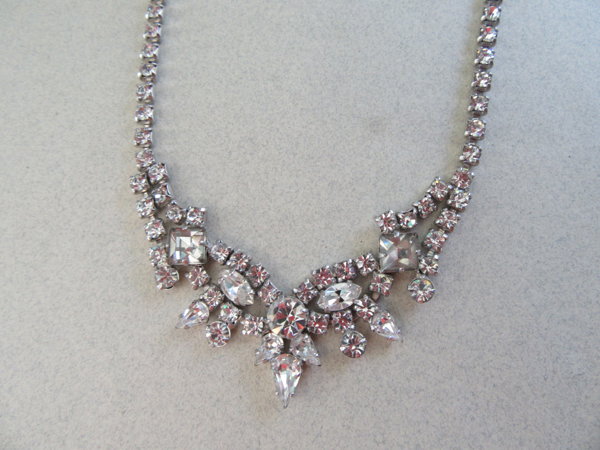 Kramer Rhinestone Choker Necklace Signed Jewelry 1950's Accessories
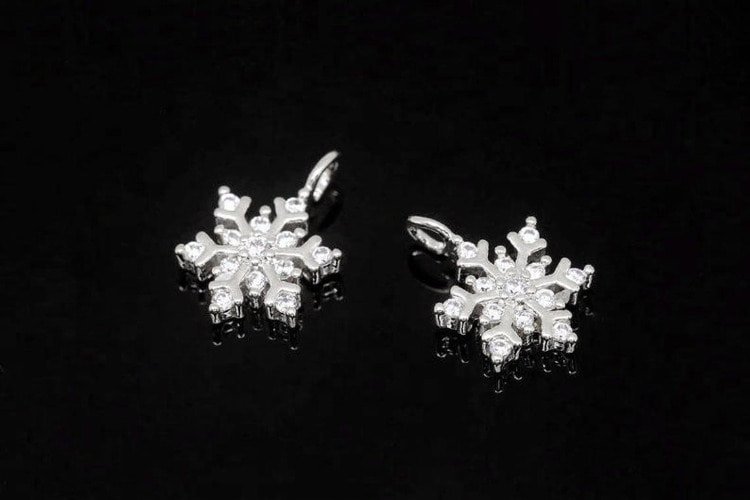 [W] H1405-Rhodium Plated-(20 pcs)-7*10.5mm Cubic Snow Flake Charm-Tiny Snow Flake Pendant-Wholesale Charms-S, [PRODUCT_SEARCH_KEYWORD], JEWELFINGER-INBEAD, [CURRENT_CATE_NAME]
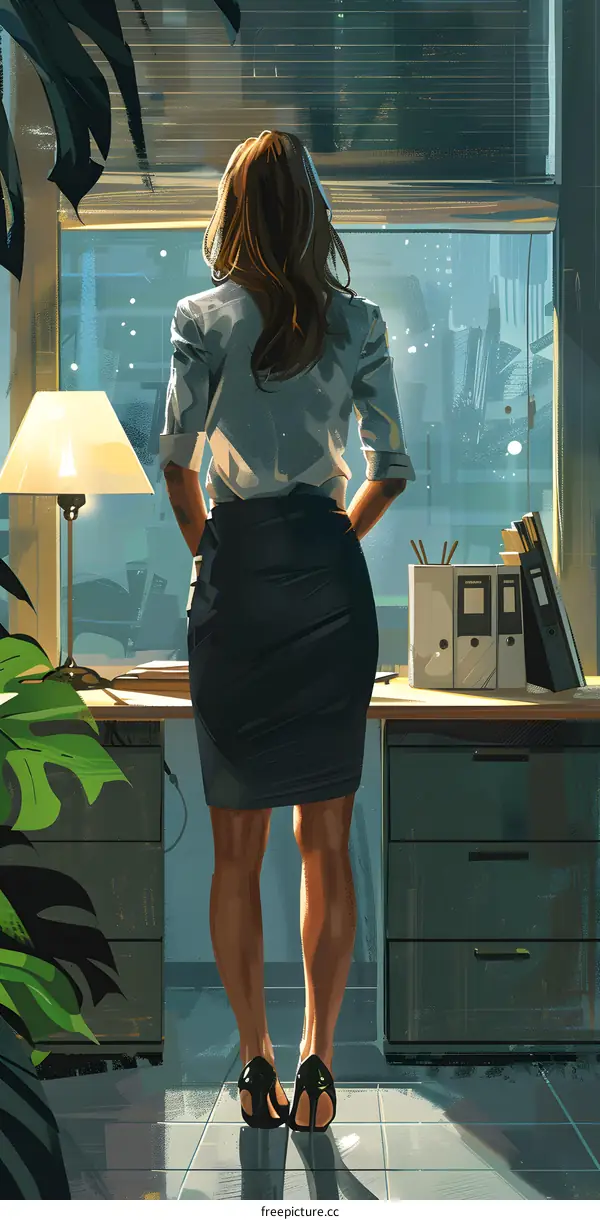 Businesswoman looking out the office window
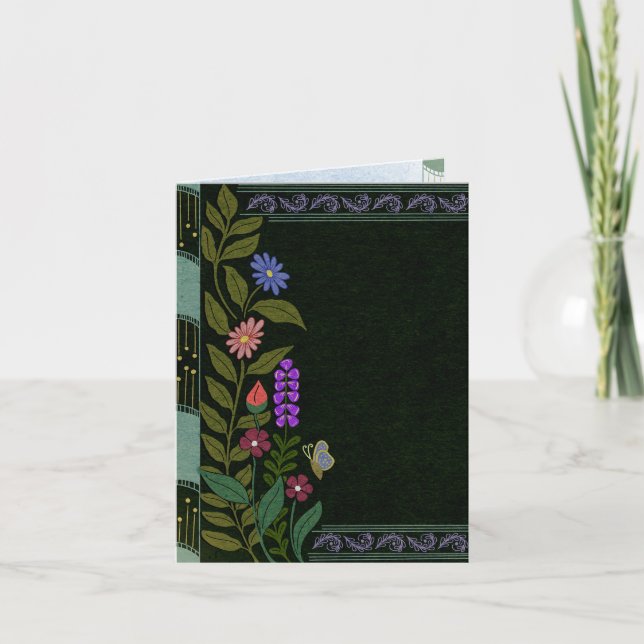 Convite Estética Escura Elegante Botânica Floral Vintage (Frente)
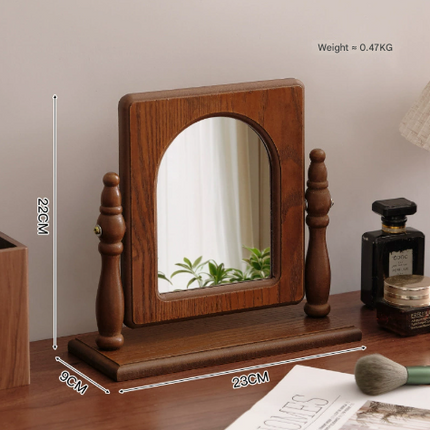 Square-shaped Wooden Tabletop Vanity Mirror, Elegant Design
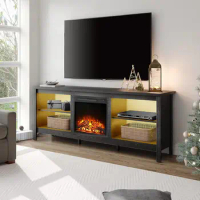 Fireplace TV Stand for 80 Inch TV Entertainment Center, LED TV Console Wood Media Table for 75 inch with 4 Storage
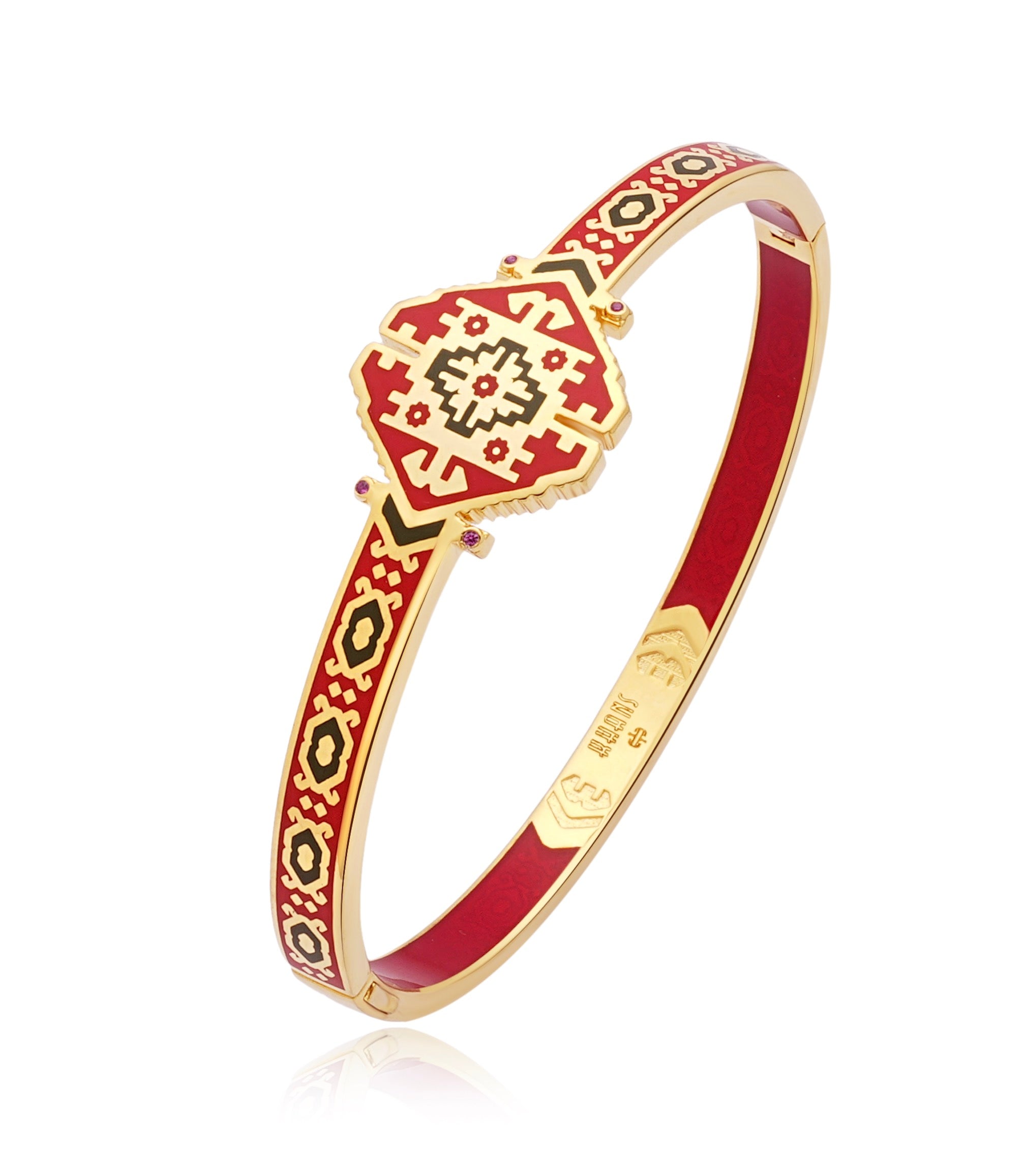 Sacred Carpet Patterns Bracelet in Red - 0830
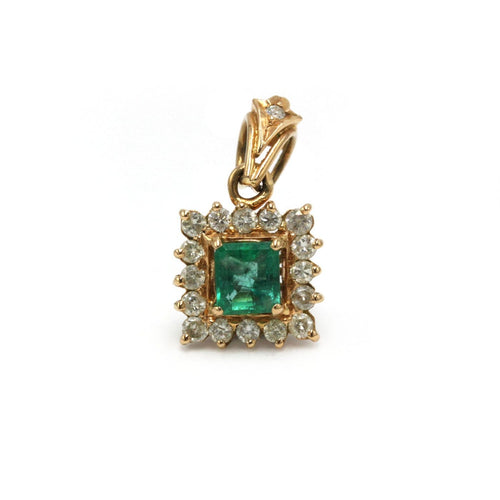 Pendentif en or jaune, diamants et émeraude 58 Facettes 260187R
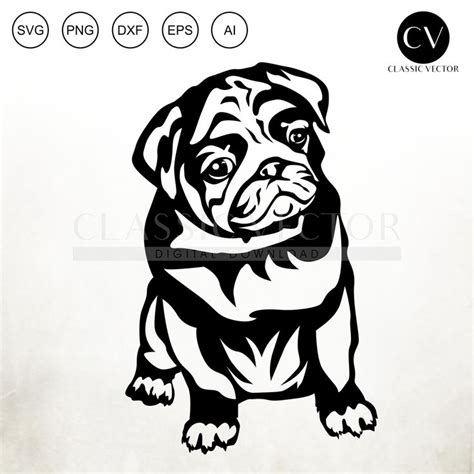 Svg Files For Cricut Pug Print File Cute Pug Silhouette Pug Dog Pug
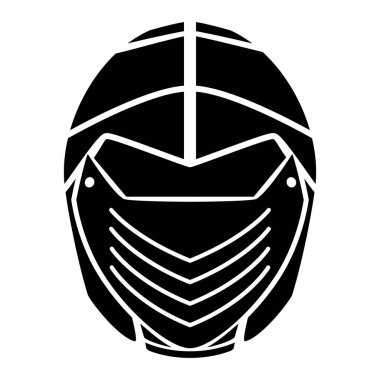 Bir ortaçağ miğfer ikonu Vektör illüstrasyonunun silueti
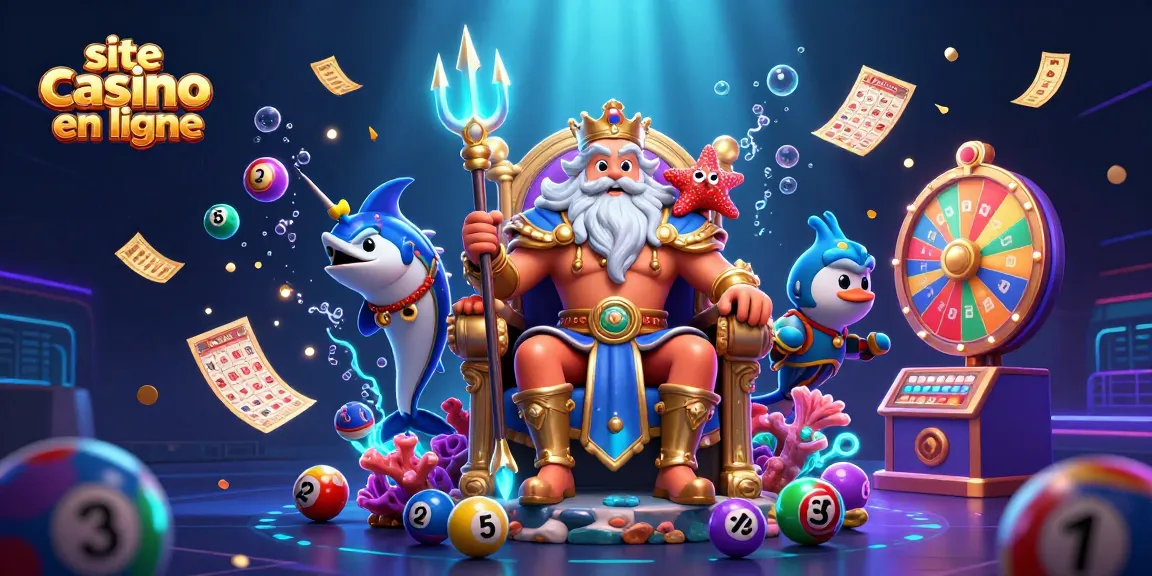 Jouez sur le site casino en ligne avec Neptune et des éléments de loterie animés.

--- Task requirements ---
Transcribe only the lines from the one holding "Businesswoman looking out the office window" through the last line of the listing above, inclusive, and do not include the pictures.

--- Solution to this problem ---
 Businesswoman looking out the office window
 Convite Estética Escura Elegante Botânica Floral Vintage (Frente)
 Square-shaped Wooden Tabletop Vanity Mirror, Elegant Design
 Fireplace TV Stand for 80 Inch TV Entertainment Center, LED TV Console Wood Media Table for 75 inch with 4 Storage
 Sacred Carpet Patterns Bracelet in Red - 0830
 Pendentif en or jaune, diamants et émeraude 58 Facettes 260187R
 Svg Files For Cricut Pug Print File Cute Pug Silhouette Pug Dog Pug
 Bir ortaçağ miğfer ikonu Vektör illüstrasyonunun silueti
 Jouez sur le site casino en ligne avec Neptune et des éléments de loterie animés.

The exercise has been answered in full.